The first secret is he was an incredibly gifted orator. He understood how words moved people and used moving words. He spoke simply and did not use jargon or hidden meanings. His words were targeted to his audience but permitted others to understand where he stood on key issues. His “I Have a Dream” speech appealed to his core audience while also permitting others to embrace his vision for the world. He tapped into a theme that resonated with others, our children. His ability to make complicated issues simple was unmatched. I believe that part of his gift came from his education and his heritage. He had experienced many things in life before he developed his unique world view. We all would be well served to allow our past to communicate our future. We also must be able to communicate through an easily understood teachable point of view.
The second secret was he understood the power of seeing himself as a leader of a movement. This movement would go beyond his life. To make this work, a leader has to empower others to share in their own unique way. However he put a strong foundation in that included many other great men like Jessie Jackson, Andrew Young, James Meredith , Ralph Abernathy, and, of course, Coretta Scott King. He shared his principles with all of these individuals, but allowed them the freedom to be their own unique individuals. It sounds easy but if you ask any leader what their biggest challenge is and you will find equipping your team with a sustainable message that resonates both with the person and the movement is very hard to accomplish. I’ve interviewed and photographed all of these persons over the past 30 years and was struck by the strengths and differences of each. It takes an amazing person to be able to hold together this type of team. Dr. King was a man who saw himself as leader of something larger than himself. He shared a teachable point of view and then allowed these individuals to craft a message from their own biography. The other lesson critical lesson here is don’t be afraid to surround yourself with strong and opinionated leaders. They will help build a lasting legacy.
The third secret was his unlimited energy. Dr. King had an endless supply of energy for his cause. He was unrelenting in crafting his strategies and then worked tirelessly for results. When you realize the physical and emotional stress Dr. King lived through you realize how much energy and drive this man must possess. For most people, when we are under stress we require more rest and time to work through more difficult problems. In Dr. King’s life, he was faced with daunting decisions on a daily basis. He understood the magnitude of these decisions and still made the right decision almost all of the time. I believe that this was because he understood the power of prayer and small amounts of meditation.

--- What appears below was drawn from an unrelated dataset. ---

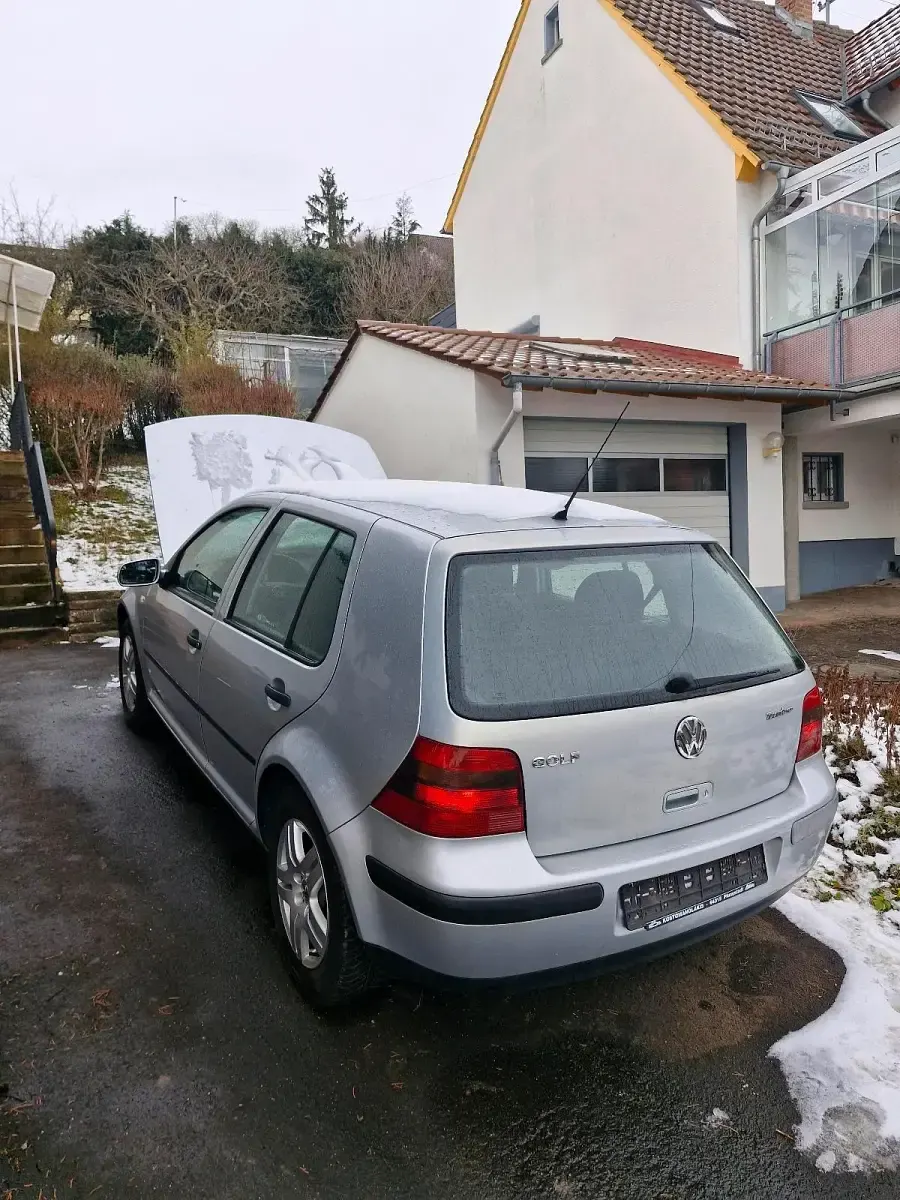 Brugt VW Golf IV 101 HK (74 kW) 2001 Sølv Sedan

He spent time reading the Bible and found rest in its passages. I’ve known many religious leaders over my life and found that many of them find rest in their spiritual books. I’ve discovered that most high energy people find a way of channeling their energy into what they love and believe. Don’t take time investing in small things that don’t move you. Invest your time in ideas that will make a difference. In this way, you can be a leader more like Dr. Martin Luther King Jr. every day.